KENNEDY, District Judge

(dissenting). It is with regret that I find myself unable to accede tó the views of the majority in the disposition of this case, although I have joined with the other Judges in signing the order carrying into effect their decision so that there may be no question as to its validity. I have been accorded the privilege of expressing my views as to the manner in which the case should be disposed of and herein express in a general way the reasons for my conclusion.

This is a proceeding involving the application of thirteen plaintiff carriers for a permanent writ of injunction restraining the enforcement of an order of the Interstate Commerce Commission made August 9, 1922, providing for an increased division of joint rates to the Kansas City, Mexico & Orient Railroad as’ against the plaintiff carriers.

After analyzing the case of the plaintiffs in the light of the points of attack carried in the arguments and briefs of counsel, I am constrained to eliminate from consideration as not having sufficient weight or bearing upon the controversy to entitle plaintiffs to relief, the following:

(a) It seems to me that there could be no question of confiscation generally, where the Commission has made a division of joint rates. Such a division would not prohibit the carriers affected in establishing a new joint rate which would bring to them a greater amount of money for the service tendered. If the Commission should refuse to recognize such increased rate it might form the basis of an action in the courts that the established joint rate was confiscatory. In other words, until relief is denied by the Commission itself, which is not the situation in this case, the question of a rate being confiscatory could not be raised.
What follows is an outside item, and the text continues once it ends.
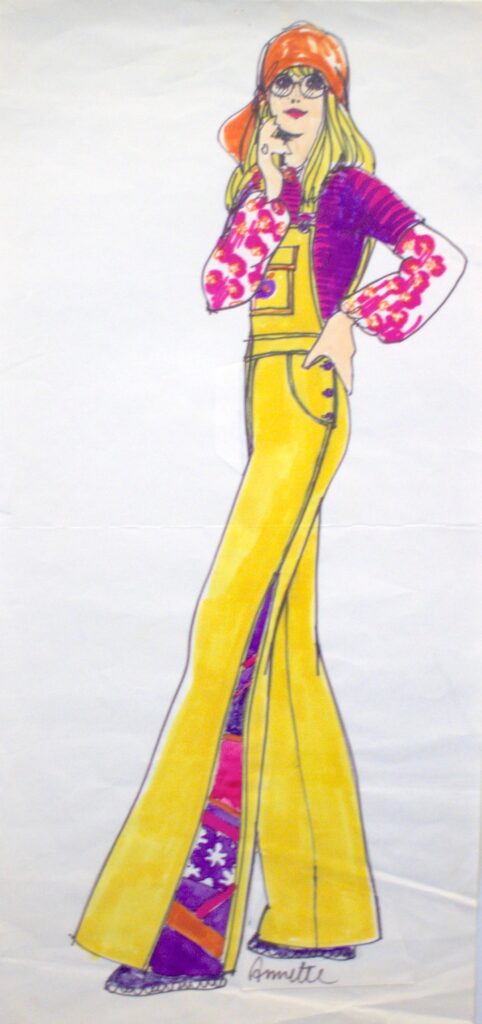 1960erne Annette modetegninger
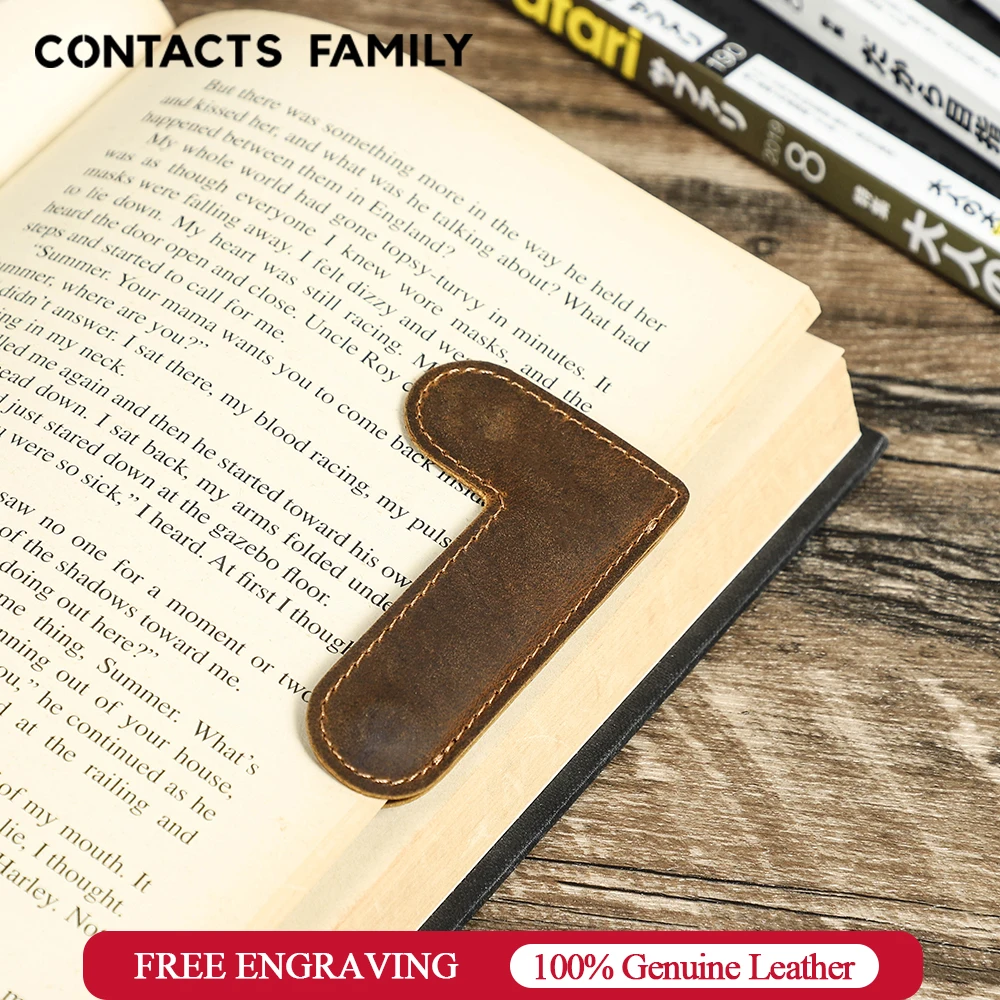 Genuine Leather Vintage Bookmark Reading Book Mark Page Clips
(b) I am not in accord with the views of the plaintiffs that the order of the Commission is invalid because of failure to join other carriers who participated in the joint rates affected by the order, for the rea*116son that the connecting carriers will simply be required to distribute the burden cast upon them among other connecting carriers, and so on among all carriers between or among which there is a joint rate established embracing the Orient Railway. It is the same as though these railroads had not yet but were now called upon to first establish joint rates as among all carriers.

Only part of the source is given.